Square footage, finishes, and curb appeal are easy to evaluate. Building performance — the things you can’t see once the drywall is up — is where most custom homes fall short. The wall section, the air barrier, the flashing details, the load calculation. The things that decide whether your house is comfortable, durable, healthy, and cheap to operate for the next fifty years.
Lenders rarely ask about it. Inspectors check for code minimums and move on. Homeowners usually find out about it the first winter the windows fog, the second summer the upstairs is hot, or the year a leak shows up at a window head where the flashing was wrong.

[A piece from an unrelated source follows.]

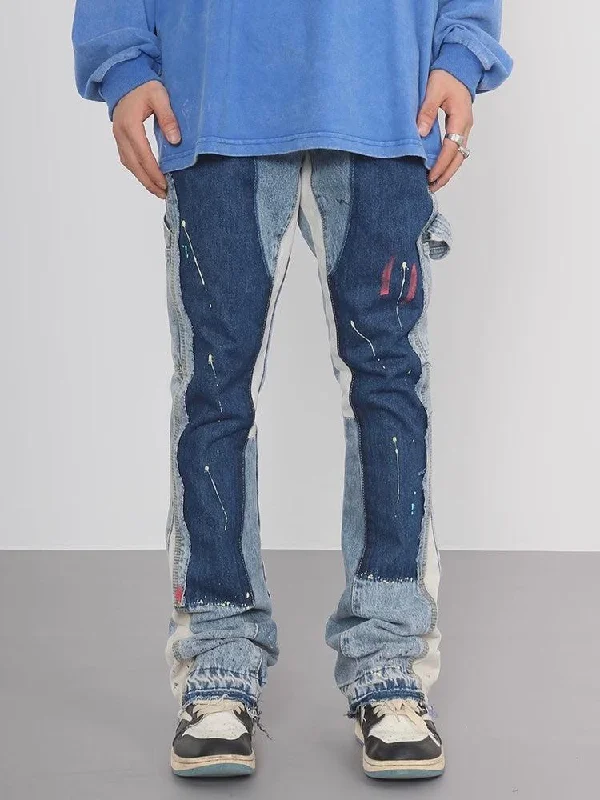 Plus - size women jeans for a comfortable and stylish fitSplashing Ink Flared Straight Jeans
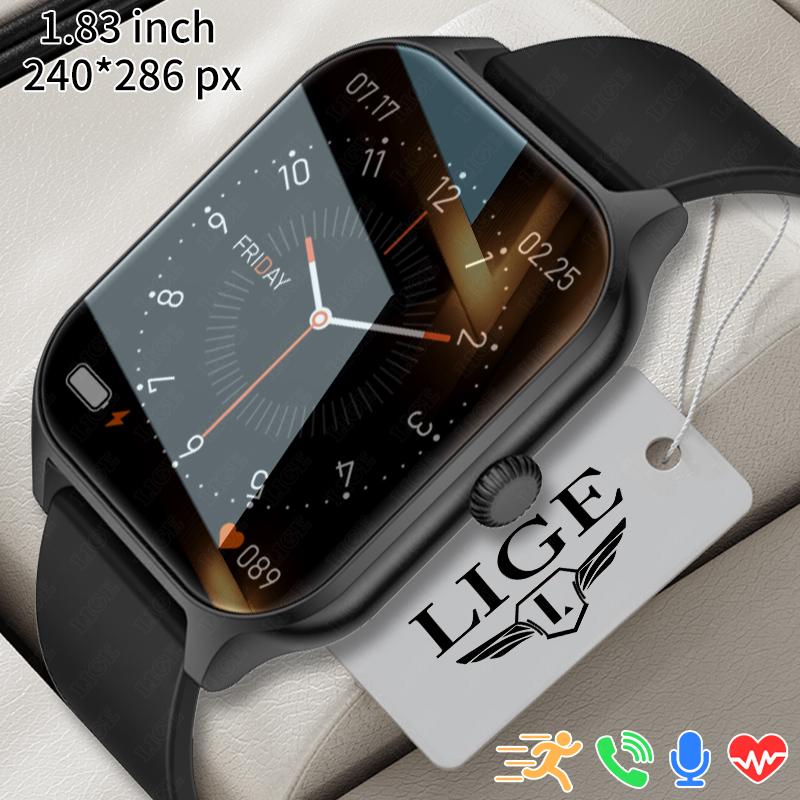 LIGE Smart Watch Men Women 1.83 Inches Full Touch Screen Bluetooth Call Waterproof Custom Wallpaper Sports Smartwatch Jam Tangan Pintar Alarm Device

We talk about it on day one because the cost of doing it right is small. The cost of doing it wrong is everything that comes after.

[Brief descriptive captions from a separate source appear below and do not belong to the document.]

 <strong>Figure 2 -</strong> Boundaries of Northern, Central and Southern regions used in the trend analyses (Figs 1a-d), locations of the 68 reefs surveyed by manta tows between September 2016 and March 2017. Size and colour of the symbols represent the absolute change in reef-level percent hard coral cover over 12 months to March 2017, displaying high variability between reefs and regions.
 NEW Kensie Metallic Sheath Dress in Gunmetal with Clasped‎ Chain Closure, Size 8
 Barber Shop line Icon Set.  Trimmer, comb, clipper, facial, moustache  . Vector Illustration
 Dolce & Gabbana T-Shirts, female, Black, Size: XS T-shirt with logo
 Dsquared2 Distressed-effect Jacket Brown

“If you can’t see it from the curb, it usually doesn’t get sold. We sell it because it’s where the value lives.”
Water. Air. Vapor. Thermal. In that order.

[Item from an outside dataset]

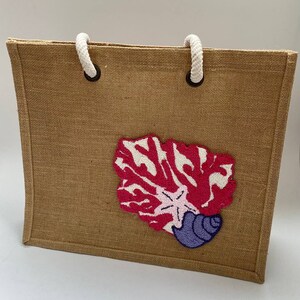 Sommertasche | Jute Strandtasche | handgemachte Punschnadel Jute Strandtasche | Strand Jutebeutel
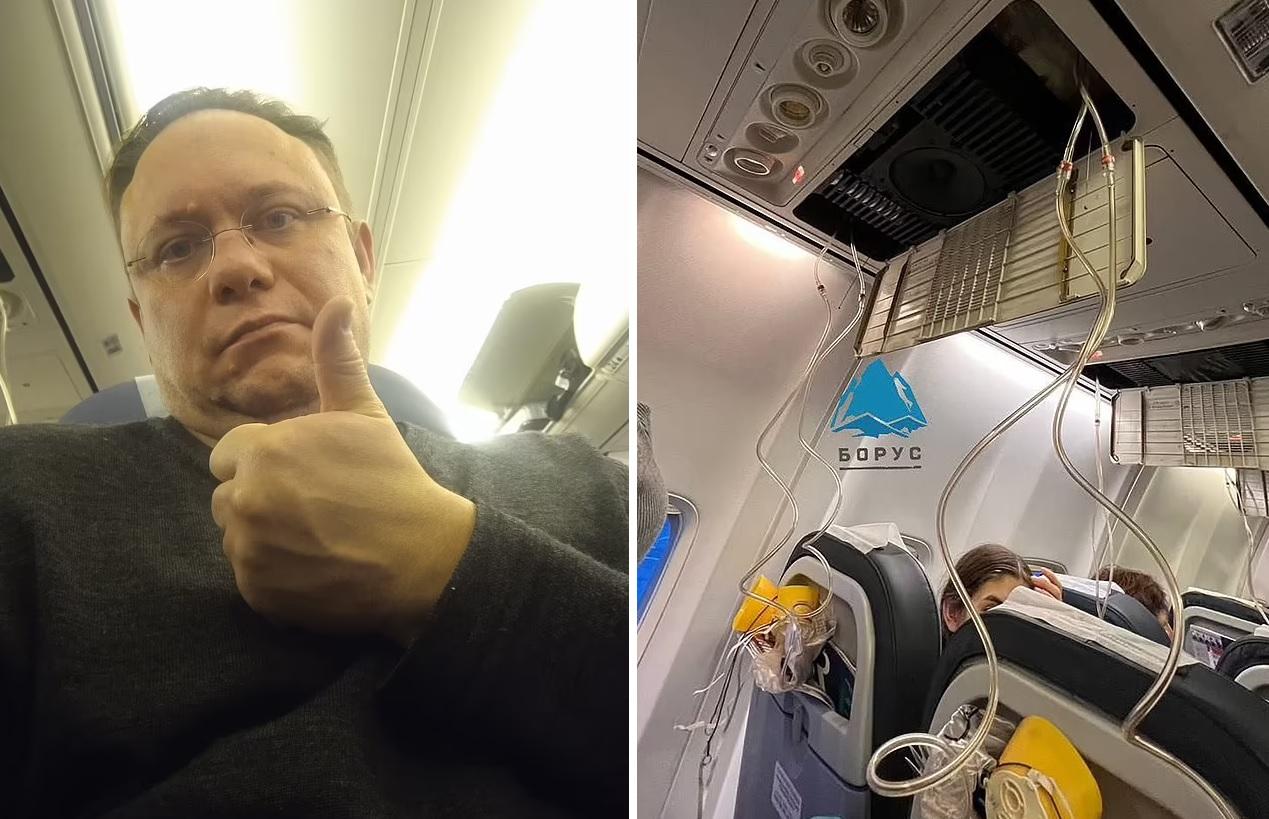 乘客Andrey Saltanov(左圖)慶祝逃過一劫。(互聯網)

Joseph Lstiburek’s “Four Control Layers” is the framework every Jacinto Built wall, roof, and floor assembly is built around. The order matters: water first, because nothing else matters if water gets behind the cladding. Air next, because air leakage drives most moisture problems and most energy waste. Vapor third, because in our coastal climate walls need to dry in both directions. Thermal last, because insulation only does its job if the other three are right.
Water
The outermost layer. Weather-resistive barriers, rain screens, pan flashing, head flashing, kick-out flashing, through-wall flashing — all detailed so bulk water drains outside, where it belongs. Most leaks happen at transitions, not in the middle of a wall, so we obsess over transitions.
Air
A continuous airtight layer — taped ZIP System sheathing on the exterior, airtight drywall on the interior. We test every home with a blower door before drywall and again at final, and we share the result with the homeowner. That’s non-negotiable.
Vapor
Coastal San Diego is a mixed-humid climate. Walls need to dry in both directions. We use smart vapor retarders (INTELLO Plus or equivalent) on the interior — closed in winter, open in summer — so moisture never gets trapped.
Thermal
Continuous exterior insulation wraps the whole building envelope, eliminating thermal bridging through studs and headers. A cavity full of R-21 batts without exterior insulation delivers maybe R-13 real-world. We build to effective R-values, not catalog numbers.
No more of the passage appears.